Start of Data for the task

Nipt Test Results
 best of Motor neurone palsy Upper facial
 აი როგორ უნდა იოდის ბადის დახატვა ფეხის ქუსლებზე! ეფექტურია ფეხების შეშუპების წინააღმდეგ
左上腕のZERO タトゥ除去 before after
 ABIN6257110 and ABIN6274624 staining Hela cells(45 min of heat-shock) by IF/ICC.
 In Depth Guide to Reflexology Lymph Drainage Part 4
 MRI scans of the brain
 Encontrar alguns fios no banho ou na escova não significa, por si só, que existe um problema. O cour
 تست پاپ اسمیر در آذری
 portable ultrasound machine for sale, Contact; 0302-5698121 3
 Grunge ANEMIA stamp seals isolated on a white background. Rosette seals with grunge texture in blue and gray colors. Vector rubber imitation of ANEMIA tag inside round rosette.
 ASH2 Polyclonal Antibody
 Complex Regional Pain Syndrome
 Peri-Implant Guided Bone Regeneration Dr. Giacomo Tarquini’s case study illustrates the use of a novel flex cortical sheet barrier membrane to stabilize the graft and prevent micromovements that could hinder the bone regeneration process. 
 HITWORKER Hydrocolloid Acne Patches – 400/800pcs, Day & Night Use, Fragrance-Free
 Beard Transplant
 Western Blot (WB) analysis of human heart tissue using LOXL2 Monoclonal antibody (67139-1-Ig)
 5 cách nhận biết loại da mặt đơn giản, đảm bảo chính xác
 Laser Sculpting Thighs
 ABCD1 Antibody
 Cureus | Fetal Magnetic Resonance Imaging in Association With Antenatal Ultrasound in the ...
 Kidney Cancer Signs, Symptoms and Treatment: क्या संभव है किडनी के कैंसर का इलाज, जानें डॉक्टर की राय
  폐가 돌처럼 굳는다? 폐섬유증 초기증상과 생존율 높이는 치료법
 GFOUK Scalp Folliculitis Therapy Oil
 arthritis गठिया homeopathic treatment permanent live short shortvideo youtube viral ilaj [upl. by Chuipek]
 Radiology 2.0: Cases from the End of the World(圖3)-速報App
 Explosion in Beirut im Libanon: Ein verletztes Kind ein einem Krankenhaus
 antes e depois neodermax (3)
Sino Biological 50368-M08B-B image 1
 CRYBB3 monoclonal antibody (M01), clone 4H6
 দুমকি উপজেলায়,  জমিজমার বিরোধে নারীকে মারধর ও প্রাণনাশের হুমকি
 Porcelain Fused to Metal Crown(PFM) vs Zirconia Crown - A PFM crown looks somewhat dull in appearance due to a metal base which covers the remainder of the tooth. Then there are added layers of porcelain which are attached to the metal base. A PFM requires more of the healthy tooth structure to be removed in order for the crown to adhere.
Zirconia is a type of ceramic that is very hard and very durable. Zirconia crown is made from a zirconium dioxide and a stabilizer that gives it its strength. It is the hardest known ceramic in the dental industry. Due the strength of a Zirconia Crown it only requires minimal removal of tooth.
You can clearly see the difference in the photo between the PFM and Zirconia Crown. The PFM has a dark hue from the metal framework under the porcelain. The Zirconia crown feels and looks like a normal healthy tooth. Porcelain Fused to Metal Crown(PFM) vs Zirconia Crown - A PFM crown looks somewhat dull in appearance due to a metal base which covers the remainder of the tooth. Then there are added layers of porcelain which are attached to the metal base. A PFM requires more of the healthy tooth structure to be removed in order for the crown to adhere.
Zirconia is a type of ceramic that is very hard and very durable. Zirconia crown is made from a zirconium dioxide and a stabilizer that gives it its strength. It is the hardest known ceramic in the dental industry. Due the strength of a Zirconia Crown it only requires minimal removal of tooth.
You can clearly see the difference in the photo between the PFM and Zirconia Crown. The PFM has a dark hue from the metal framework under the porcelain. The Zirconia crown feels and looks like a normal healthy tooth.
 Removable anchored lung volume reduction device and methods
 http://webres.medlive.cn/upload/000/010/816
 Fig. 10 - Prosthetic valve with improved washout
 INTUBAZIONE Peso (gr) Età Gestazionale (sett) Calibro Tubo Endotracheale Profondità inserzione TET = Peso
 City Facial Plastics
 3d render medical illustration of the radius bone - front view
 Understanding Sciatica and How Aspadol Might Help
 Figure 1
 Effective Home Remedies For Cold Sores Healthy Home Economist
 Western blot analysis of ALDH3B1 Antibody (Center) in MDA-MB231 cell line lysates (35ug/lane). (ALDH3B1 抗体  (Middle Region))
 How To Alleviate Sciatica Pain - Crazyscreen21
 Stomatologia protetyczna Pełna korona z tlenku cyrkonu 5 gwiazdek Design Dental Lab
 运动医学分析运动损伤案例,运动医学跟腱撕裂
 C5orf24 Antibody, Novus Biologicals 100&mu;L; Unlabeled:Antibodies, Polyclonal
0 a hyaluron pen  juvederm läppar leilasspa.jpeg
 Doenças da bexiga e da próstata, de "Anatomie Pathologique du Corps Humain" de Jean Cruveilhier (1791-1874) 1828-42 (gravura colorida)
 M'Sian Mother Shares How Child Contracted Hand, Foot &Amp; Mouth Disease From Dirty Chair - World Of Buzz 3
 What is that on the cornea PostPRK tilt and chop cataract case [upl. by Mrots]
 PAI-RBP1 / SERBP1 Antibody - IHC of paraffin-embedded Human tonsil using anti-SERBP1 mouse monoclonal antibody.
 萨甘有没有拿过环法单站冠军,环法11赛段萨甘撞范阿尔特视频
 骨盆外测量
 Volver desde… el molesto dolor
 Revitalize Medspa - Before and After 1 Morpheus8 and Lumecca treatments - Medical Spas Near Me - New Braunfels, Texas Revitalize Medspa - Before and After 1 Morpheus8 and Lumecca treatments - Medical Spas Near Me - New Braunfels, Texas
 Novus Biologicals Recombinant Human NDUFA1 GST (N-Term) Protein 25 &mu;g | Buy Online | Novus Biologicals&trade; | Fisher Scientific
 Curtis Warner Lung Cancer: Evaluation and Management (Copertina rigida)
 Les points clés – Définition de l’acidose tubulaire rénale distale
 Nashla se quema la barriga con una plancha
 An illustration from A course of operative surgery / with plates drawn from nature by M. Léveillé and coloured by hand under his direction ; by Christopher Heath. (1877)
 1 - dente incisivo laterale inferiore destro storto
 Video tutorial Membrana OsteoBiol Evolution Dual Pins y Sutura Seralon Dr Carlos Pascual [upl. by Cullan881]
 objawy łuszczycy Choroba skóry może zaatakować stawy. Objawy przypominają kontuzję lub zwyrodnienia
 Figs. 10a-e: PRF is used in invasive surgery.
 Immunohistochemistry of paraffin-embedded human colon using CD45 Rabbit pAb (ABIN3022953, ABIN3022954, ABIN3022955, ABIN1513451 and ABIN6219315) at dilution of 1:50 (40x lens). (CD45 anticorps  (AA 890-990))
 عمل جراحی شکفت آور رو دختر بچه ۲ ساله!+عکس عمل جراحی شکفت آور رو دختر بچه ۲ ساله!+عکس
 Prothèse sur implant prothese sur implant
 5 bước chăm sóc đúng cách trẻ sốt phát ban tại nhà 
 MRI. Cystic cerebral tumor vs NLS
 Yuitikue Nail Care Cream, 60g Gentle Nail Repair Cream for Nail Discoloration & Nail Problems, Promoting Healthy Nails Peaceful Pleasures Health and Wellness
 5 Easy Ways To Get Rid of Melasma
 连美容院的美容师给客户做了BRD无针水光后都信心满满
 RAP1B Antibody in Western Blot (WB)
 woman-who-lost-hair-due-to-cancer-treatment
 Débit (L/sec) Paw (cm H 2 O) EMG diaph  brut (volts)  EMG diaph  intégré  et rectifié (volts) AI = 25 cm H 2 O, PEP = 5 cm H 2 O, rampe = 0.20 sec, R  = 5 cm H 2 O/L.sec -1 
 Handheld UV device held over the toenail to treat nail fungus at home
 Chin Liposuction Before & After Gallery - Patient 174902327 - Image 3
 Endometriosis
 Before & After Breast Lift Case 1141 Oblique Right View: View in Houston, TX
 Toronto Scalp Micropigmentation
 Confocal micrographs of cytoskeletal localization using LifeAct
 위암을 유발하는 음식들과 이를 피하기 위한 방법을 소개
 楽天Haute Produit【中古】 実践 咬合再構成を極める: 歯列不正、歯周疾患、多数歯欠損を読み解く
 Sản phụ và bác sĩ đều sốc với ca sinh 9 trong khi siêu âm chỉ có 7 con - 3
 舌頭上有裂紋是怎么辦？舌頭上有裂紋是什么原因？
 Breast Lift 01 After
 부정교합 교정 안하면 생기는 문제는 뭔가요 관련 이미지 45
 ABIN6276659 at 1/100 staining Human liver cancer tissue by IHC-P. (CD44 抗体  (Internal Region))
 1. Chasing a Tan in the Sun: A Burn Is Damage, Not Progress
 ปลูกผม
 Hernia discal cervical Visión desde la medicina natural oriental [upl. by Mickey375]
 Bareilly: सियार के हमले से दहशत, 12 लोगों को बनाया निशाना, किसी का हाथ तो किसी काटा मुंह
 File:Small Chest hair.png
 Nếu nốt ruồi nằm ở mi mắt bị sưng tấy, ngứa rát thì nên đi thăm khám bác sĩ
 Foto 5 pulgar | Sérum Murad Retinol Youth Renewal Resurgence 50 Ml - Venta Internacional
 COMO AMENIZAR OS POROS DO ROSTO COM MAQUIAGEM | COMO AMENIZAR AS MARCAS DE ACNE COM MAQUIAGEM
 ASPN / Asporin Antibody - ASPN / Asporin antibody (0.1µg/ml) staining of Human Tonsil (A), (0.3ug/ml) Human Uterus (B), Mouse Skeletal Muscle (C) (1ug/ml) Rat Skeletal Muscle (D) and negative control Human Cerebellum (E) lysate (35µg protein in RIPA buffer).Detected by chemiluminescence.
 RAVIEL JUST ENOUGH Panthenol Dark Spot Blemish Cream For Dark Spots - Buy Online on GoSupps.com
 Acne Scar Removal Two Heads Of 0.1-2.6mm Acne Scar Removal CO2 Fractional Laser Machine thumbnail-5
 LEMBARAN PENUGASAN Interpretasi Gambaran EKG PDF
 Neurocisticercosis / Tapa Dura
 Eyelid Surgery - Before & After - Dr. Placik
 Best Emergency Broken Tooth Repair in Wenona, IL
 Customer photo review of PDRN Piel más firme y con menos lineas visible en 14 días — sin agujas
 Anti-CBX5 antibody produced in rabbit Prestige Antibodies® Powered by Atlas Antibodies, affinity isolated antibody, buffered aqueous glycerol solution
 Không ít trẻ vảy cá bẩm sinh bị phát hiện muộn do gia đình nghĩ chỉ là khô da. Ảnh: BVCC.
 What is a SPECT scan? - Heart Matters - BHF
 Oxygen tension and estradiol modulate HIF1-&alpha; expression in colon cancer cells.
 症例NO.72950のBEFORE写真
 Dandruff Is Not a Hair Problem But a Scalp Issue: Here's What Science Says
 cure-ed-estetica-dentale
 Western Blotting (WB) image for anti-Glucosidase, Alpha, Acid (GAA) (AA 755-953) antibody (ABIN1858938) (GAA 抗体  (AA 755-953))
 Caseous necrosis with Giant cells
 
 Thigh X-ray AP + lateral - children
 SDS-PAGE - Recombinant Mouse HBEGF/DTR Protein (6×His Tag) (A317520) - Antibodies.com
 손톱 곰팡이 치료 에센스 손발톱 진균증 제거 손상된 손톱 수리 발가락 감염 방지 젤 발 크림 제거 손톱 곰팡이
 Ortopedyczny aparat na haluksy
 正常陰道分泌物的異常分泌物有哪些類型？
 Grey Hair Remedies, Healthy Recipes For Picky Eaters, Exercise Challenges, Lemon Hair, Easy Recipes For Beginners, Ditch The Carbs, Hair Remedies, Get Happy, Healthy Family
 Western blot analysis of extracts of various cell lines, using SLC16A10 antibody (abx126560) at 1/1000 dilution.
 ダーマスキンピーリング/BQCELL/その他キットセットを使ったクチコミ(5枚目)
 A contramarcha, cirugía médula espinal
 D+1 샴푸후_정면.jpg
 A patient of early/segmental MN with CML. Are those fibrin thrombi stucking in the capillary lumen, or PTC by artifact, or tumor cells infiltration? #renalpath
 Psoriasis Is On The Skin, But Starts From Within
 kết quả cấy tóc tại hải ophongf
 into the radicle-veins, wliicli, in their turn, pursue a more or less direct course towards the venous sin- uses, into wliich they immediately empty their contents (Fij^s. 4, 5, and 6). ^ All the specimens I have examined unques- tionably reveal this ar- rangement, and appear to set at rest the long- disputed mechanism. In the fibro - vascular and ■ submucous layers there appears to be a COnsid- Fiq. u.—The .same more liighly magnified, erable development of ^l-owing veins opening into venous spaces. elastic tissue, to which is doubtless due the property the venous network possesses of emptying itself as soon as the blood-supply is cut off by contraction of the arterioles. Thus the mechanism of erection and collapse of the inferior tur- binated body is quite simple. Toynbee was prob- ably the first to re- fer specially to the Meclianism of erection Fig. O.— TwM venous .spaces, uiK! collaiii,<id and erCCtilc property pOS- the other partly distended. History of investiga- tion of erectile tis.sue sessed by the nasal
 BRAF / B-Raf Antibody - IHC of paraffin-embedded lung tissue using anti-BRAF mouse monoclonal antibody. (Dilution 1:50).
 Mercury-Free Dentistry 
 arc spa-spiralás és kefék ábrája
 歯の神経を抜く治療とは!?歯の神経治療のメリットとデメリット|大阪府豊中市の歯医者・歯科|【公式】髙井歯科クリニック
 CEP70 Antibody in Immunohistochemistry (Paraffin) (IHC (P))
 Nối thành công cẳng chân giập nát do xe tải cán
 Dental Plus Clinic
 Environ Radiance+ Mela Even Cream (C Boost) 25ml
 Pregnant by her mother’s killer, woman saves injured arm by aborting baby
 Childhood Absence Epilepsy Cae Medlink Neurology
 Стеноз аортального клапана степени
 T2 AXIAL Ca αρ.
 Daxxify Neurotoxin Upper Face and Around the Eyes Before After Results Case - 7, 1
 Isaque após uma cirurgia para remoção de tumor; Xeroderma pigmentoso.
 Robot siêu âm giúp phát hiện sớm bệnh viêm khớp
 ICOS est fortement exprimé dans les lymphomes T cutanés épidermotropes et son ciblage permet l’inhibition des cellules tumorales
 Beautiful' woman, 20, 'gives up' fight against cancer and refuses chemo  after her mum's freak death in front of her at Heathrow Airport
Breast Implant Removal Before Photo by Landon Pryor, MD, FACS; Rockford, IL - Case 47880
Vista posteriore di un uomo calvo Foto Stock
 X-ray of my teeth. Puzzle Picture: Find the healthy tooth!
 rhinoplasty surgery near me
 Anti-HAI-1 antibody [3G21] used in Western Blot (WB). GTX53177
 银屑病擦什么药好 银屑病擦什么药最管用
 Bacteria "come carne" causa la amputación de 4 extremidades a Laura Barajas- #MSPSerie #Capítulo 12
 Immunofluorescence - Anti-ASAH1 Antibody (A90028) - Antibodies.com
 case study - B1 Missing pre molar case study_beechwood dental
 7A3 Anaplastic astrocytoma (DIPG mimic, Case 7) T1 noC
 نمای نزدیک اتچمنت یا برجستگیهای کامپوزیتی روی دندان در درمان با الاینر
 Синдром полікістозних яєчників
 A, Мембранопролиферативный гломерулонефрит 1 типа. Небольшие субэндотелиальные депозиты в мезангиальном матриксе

End of Data for the task

Reproduce, exactly as they stand in the data above, the lines from the one that holds "ダーマスキンピーリング/BQ" to the one that holds "kết quả cấy tóc tại hải ophongf", inclusive.

 ダーマスキンピーリング/BQCELL/その他キットセットを使ったクチコミ(5枚目)
 A contramarcha, cirugía médula espinal
 D+1 샴푸후_정면.jpg
 A patient of early/segmental MN with CML. Are those fibrin thrombi stucking in the capillary lumen, or PTC by artifact, or tumor cells infiltration? #renalpath
 Psoriasis Is On The Skin, But Starts From Within
 kết quả cấy tóc tại hải ophongf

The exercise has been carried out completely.